Going back to the book, though Haidt says that Conservative have six moral foundation rather than the Liberal’s three, he does point out the flaws within the Conservative movement. Besides, Haidt never said that having the six moral foundation mean that you can’t be biases or that your reasoning is perfect. In fact, you could argue that he said the contrary. One more thing, someone pointed out that if Conservative score high in Loyalty how come they distrust the government. Well, this reading is wrong. Conservative do trust government to provide a good environment/ market, they trust the government’s words, including its lies. Essentially, they gov to rule the environment but not the individual. You should remember that they also score high in Liberty. Hence, it isn’t surprising that they do not want an external force to rule them.

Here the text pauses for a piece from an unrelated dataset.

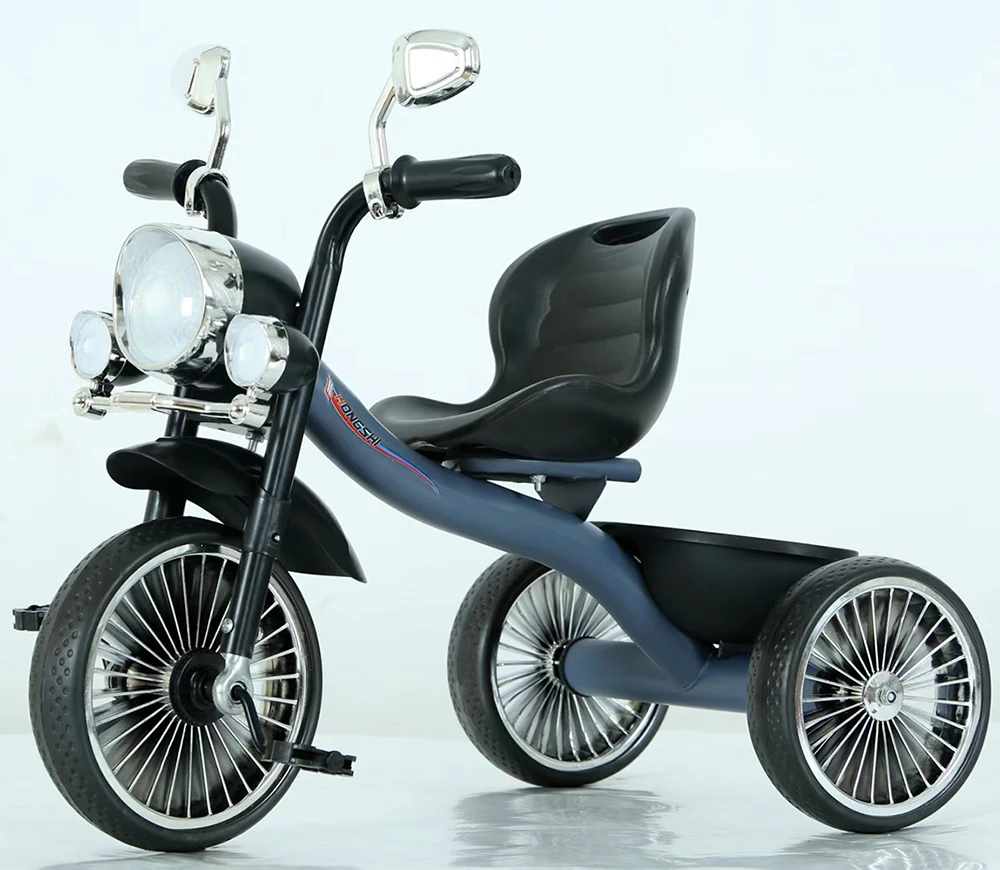 New fashion design cheap wholesale 3 Wheels Baby Tricycle /Children Bike /Kids Tricycle for 2-6 children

I suppose some people aren’t happy just because he didn’t call them racist idiots. By the way, even after reading this book, I still have trouble reconciling my initial views with the picture Haidt presented. What I’m trying to say is that though Haidt’s book gave me a lot of insight, I still have much to digest.

I would recommend this book to anyone who want to understand politics and their neighbours with different political opinion.

There’s only one thing which the book is missing for me. It is a niggle and really, Haidt already did enough and couldn’t have looked at this. But I wonder how morality work/ develop across race. For example, a lot of black people are liberal/ democrats because this side have generally been against injustice and willing to do something for the lower section of society. But, could it be that some despite their skin colour are actually closer in their moral spectrum to the white conservative they despise (and who in turn may despise them)? More bluntly said, if instead of being black, they had been born white, could their political leaning be completely different because being white and conservative doesn’t come with the same baggage has being black and conservative? Really, if they white conservative could leave out his bias, could the black who have the same moral makeup as him get along better with him than with fellow black who do not have the same moral buds?

Really, I can’t help wondering how much who you are outside influence your political leaning despite who you are inside. If I had the opportunity I would have done a Phd on this. But ah…I’m way too busy. Has anyone ever thought about this?

In any case, as I said, highly recommended!”